Dataset:
:::::

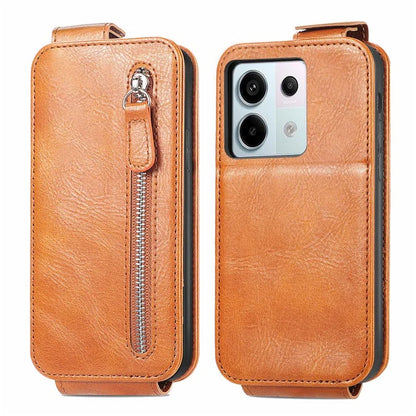 For Xiaomi Redmi Note 13 Pro 5G / Poco X6 5G Drop Proof Case Vertical Flip Zipper Wallet Leather Phone Cover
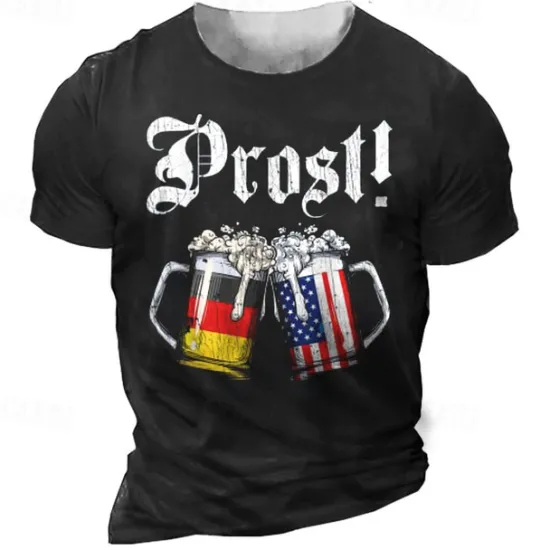 Best OUKU Men's Unisex Graphic Letter Beer T Shirt Short Sleeve T shirt 3D Print Crew Neck Shirt Vintage Sports Designer Outdoor Street Daily Black Army Green Navy Blue Summer Clothing Apparel S M L XL XXL 3XL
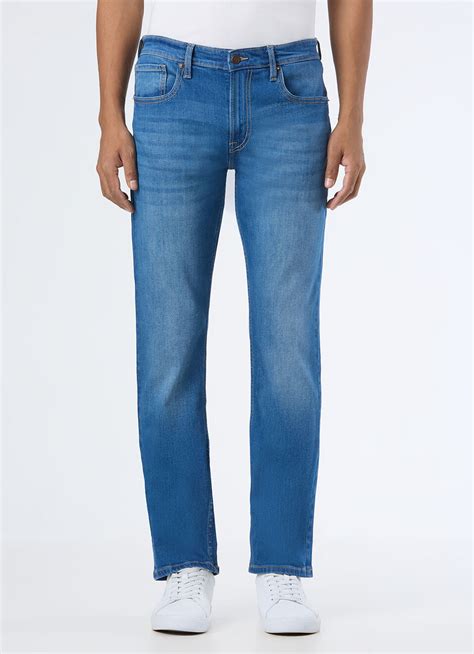 Men Blue Mid Rise Straight Fit Stretchable Jeans | Pepe Jeans India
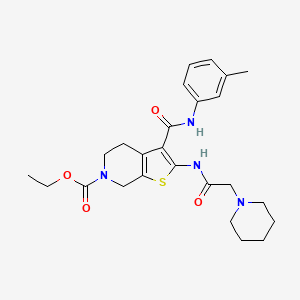 ethyl 3-[(3-methylphenyl)carbamoyl]-2-[(2-piperidin-1-ylacetyl)amino]-5,7-dihydro-4H-thieno[2,3-c]pyridine-6-carboxylate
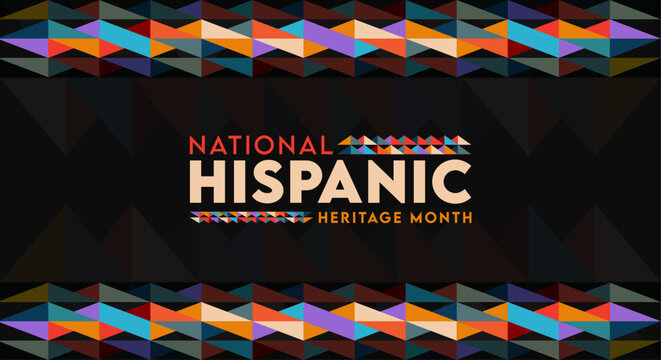 Hispanic heritage month. Background template with abstract decoration for greeting, celebration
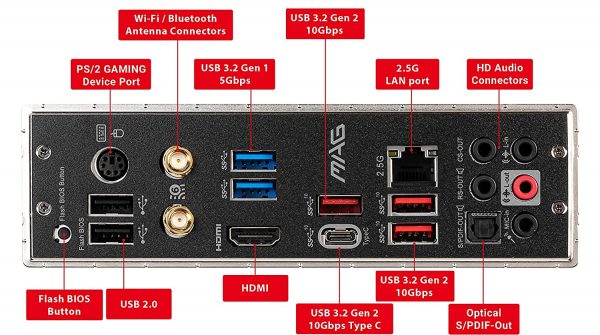 MSI MAG X570 Tomahawk WiFi AMD ATX Gaming Mothearboard with 4 RAM Slots - Image 4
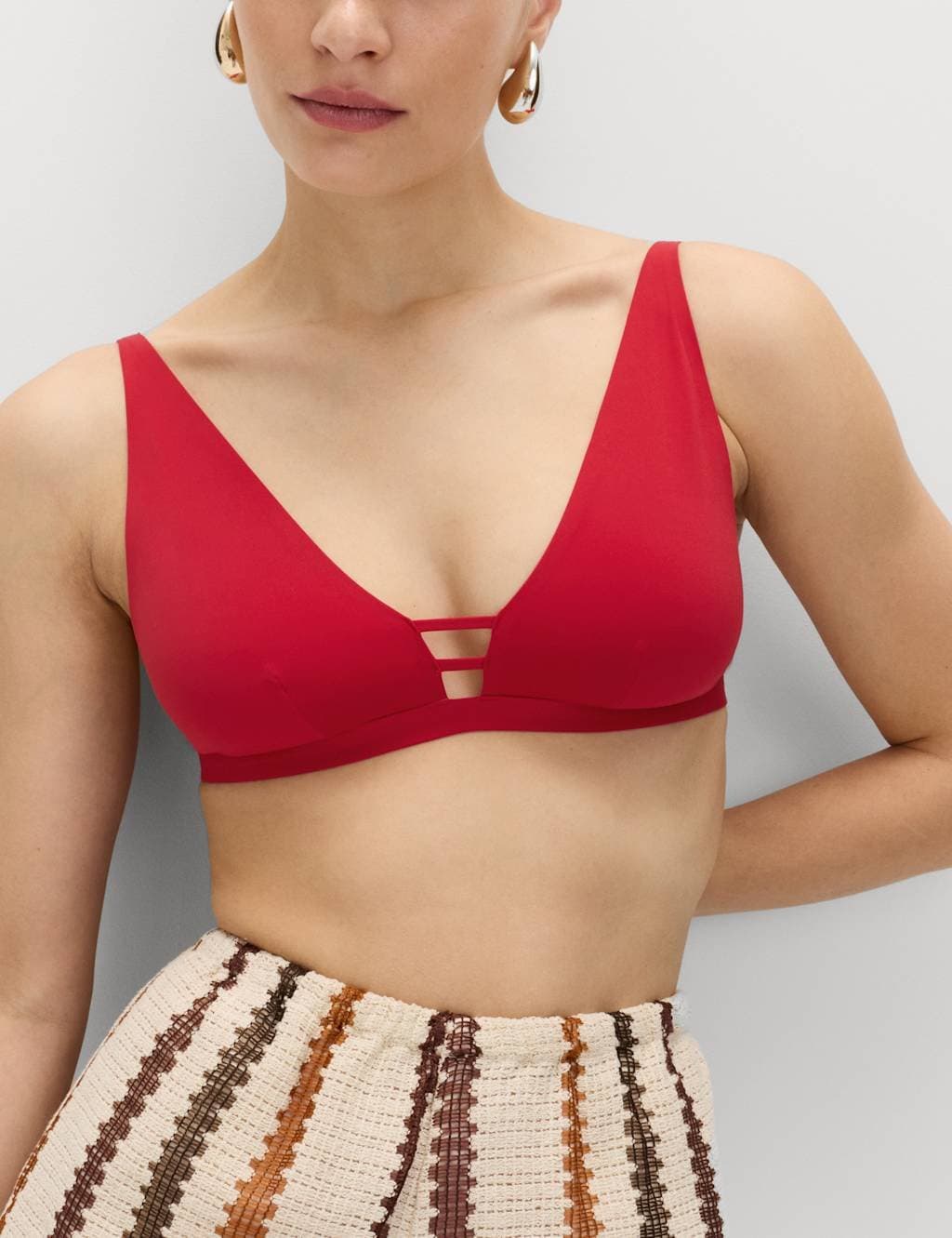 Marks & Spencer M&S Sculpt Plunge V-Neck Bikini Top Lacquer Red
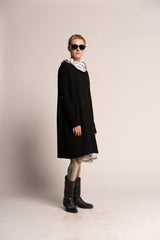 Black Dress, Off the Shoulder Oversize Dress, Loose black dress, Long Sleeve Black Dress, Maternity Dress, Oversize Tunic, Urban Clothing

:::::

Exercise instructions: From the line that holds "MSI MAG X570" down to the last line of the material above, every line is to be copied exactly, both ends included; pictures are to be omitted.

Response for this exercise:
 MSI MAG X570 Tomahawk WiFi AMD ATX Gaming Mothearboard with 4 RAM Slots - Image 4
 Marks & Spencer M&S Sculpt Plunge V-Neck Bikini Top Lacquer Red
 Black Dress, Off the Shoulder Oversize Dress, Loose black dress, Long Sleeve Black Dress, Maternity Dress, Oversize Tunic, Urban Clothing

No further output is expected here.